Core Idea: Under two natural assumptions (querying different dimensions along the root-to-leaf path and grid-distributed data), the disagreement coefficient for decision trees is polylogarithmic. Combined with a new multiplicative error algorithm, this enables polylogarithmic label complexity.
Method¶
Overall Architecture¶
The paper addresses a single question: how many labels can active learning actually save for decision trees, and can this be provably guaranteed? The authors decompose this into two independent parts that are eventually combined. The first part is a purely combinatorial analysis that calculates an explicit bound for the disagreement coefficient \(\theta\) of the decision tree hypothesis class, which is a prerequisite for applying existing label complexity frameworks. The second part is a general algorithm, independent of decision trees, which for the first time achieves a \((1+\epsilon)\) multiplicative error guarantee for active learning in classification tasks. Both parts are independently valid; when combined and applied to decision trees, they yield Corollary 1.3: the label complexity is polylogarithmic relative to the dataset size. Finally, a lower bound is provided to prove that the algorithm's dependence on \(\epsilon\) is nearly optimal.
Key Designs¶
1. Disagreement Coefficient Analysis (Theorem 1.1): Linking "label expenditure" to a computable geometric quantity
The label savings in active learning are theoretically determined by the disagreement coefficient \(\theta\)—classic results (Hanneke 2014) express label complexity as \(\theta \cdot \text{poly}(\text{VC-dim}, \ln n, 1/\epsilon)\). Thus, a small \(\theta\) ensures a small total label count. The challenge was that \(\theta\) for decision trees was only proven to be "finite" by Balcan et al. 2010, and without an explicit calculation, the framework could not be applied. This paper decomposes a decision tree into several LineTrees (each corresponding to a sub-structure induced by a root-to-leaf path), analyzes the disagreement region of individual LineTrees, and aggregates them back into the full tree.

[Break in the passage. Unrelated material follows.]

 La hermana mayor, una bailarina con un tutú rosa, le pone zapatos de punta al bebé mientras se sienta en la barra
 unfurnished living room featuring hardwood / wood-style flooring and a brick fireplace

Under two natural assumptions—querying different feature dimensions at each step along a path and data following a grid distribution—the result is \(\theta = O(\ln^{OPT}(n))\), a polylogarithmic magnitude relative to the dataset size.

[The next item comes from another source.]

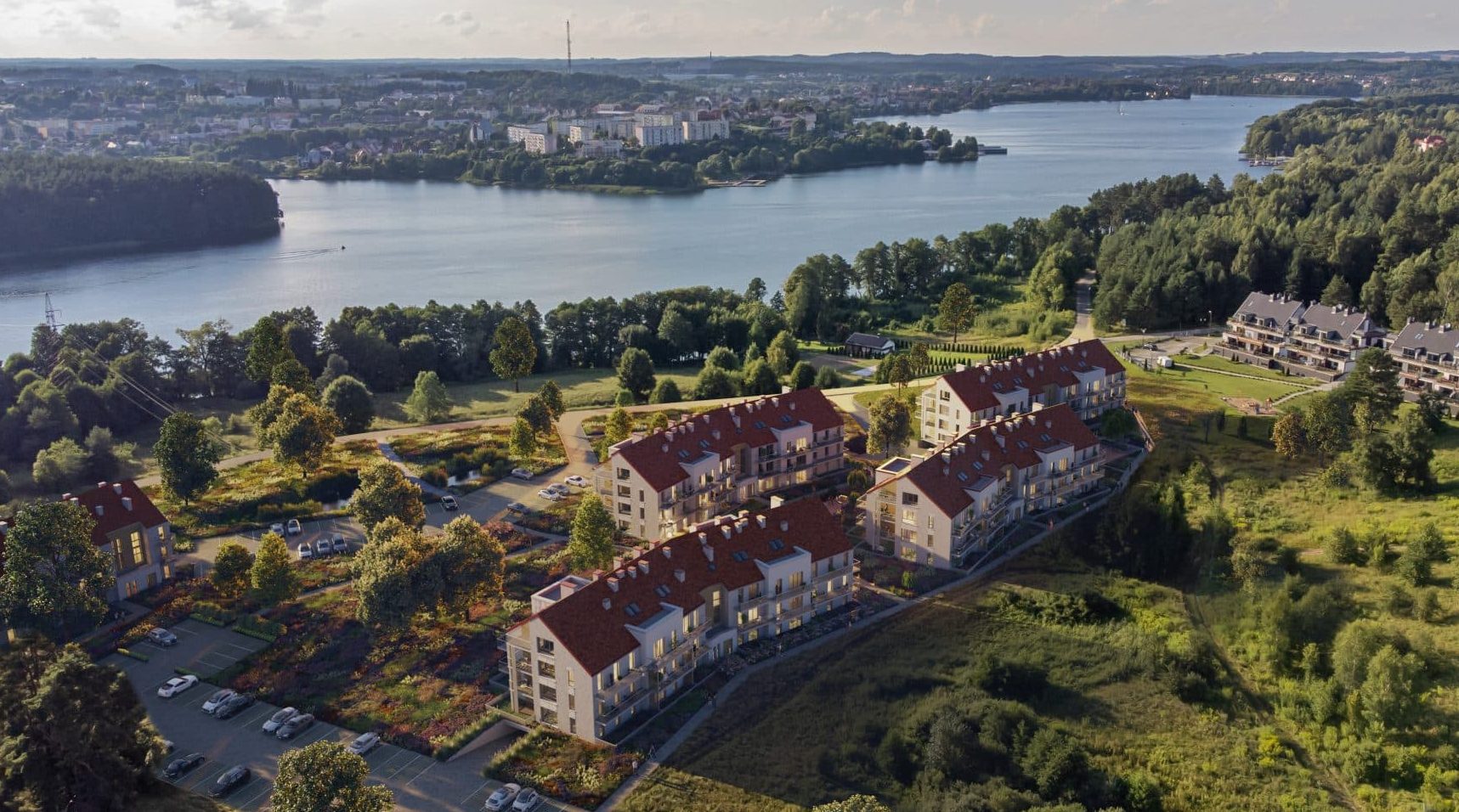 Widok na nowoczesne apartamenty nad jeziorem Czos w Mrągowie, otoczone zielenią i lasami.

2. Multiplicative Error Active Learning Algorithm (Algorithm 2, Theorem 1.2): Using "contraction stagnation" as a signal to bypass the dead-loop of estimating optimal error
Multiplicative error models are stronger than additive ones: they guarantee perfect classification in realizable settings, but legacy algorithms cannot be directly applied. Additive error algorithms must first estimate the optimal error \(\eta\) to set the precision, yet estimating \(\eta\) accurately requires \(O(1/\eta)\) labels—as one seeks a multiplicative guarantee (where \(\eta\) is small), the estimation becomes increasingly expensive, erasing the efficiency of active learning (a catch-22). This algorithm does not explicitly estimate \(\eta\). Instead, it maintains a version space (the set of classifiers not yet excluded) and refines it each round using new labels. The key innovation is reading the "contraction stagnation" signal: if the version space stops shrinking significantly in a given round, it indicates that the remaining disagreement is not noise but that the optimal error itself is already large, allowing the algorithm to terminate. This utilizes the intrinsic dynamics of the algorithm to indirectly lower-bound \(\eta\), achieving the \((1+\epsilon)\) multiplicative guarantee without extra label costs for estimation.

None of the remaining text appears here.